Information provided Block Start

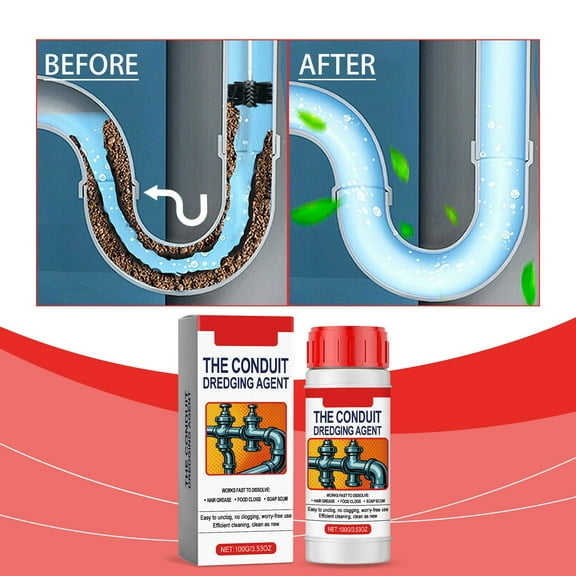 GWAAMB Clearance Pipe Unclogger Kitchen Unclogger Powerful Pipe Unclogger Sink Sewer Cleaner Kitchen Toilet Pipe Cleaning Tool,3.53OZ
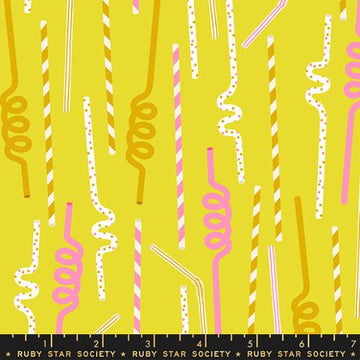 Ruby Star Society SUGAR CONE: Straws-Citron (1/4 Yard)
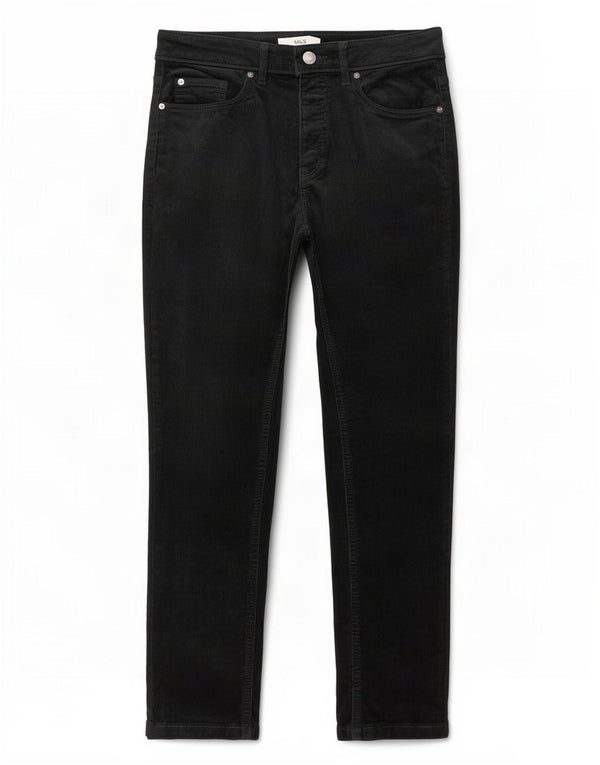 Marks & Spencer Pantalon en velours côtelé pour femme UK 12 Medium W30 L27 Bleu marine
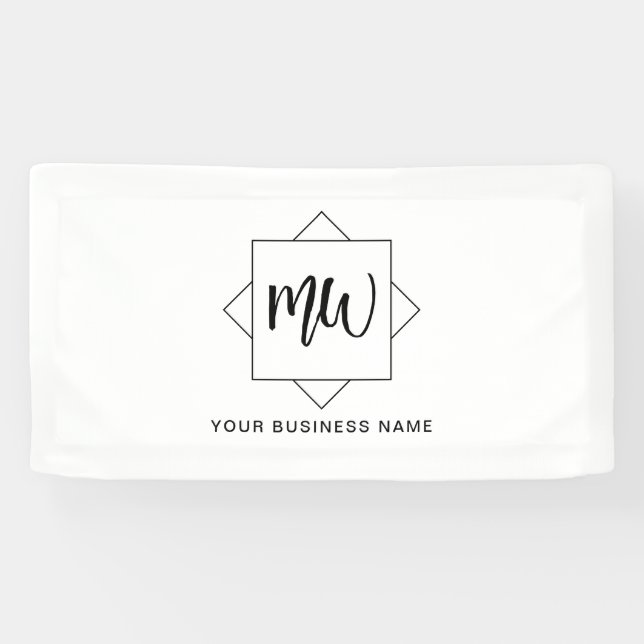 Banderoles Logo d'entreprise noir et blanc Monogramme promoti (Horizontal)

Information provided Block End

Where a picture appears in the material above, skip it, and print the rest exactly.

 GWAAMB Clearance Pipe Unclogger Kitchen Unclogger Powerful Pipe Unclogger Sink Sewer Cleaner Kitchen Toilet Pipe Cleaning Tool,3.53OZ
 Ruby Star Society SUGAR CONE: Straws-Citron (1/4 Yard)
 Marks & Spencer Pantalon en velours côtelé pour femme UK 12 Medium W30 L27 Bleu marine
 Banderoles Logo d'entreprise noir et blanc Monogramme promoti (Horizontal)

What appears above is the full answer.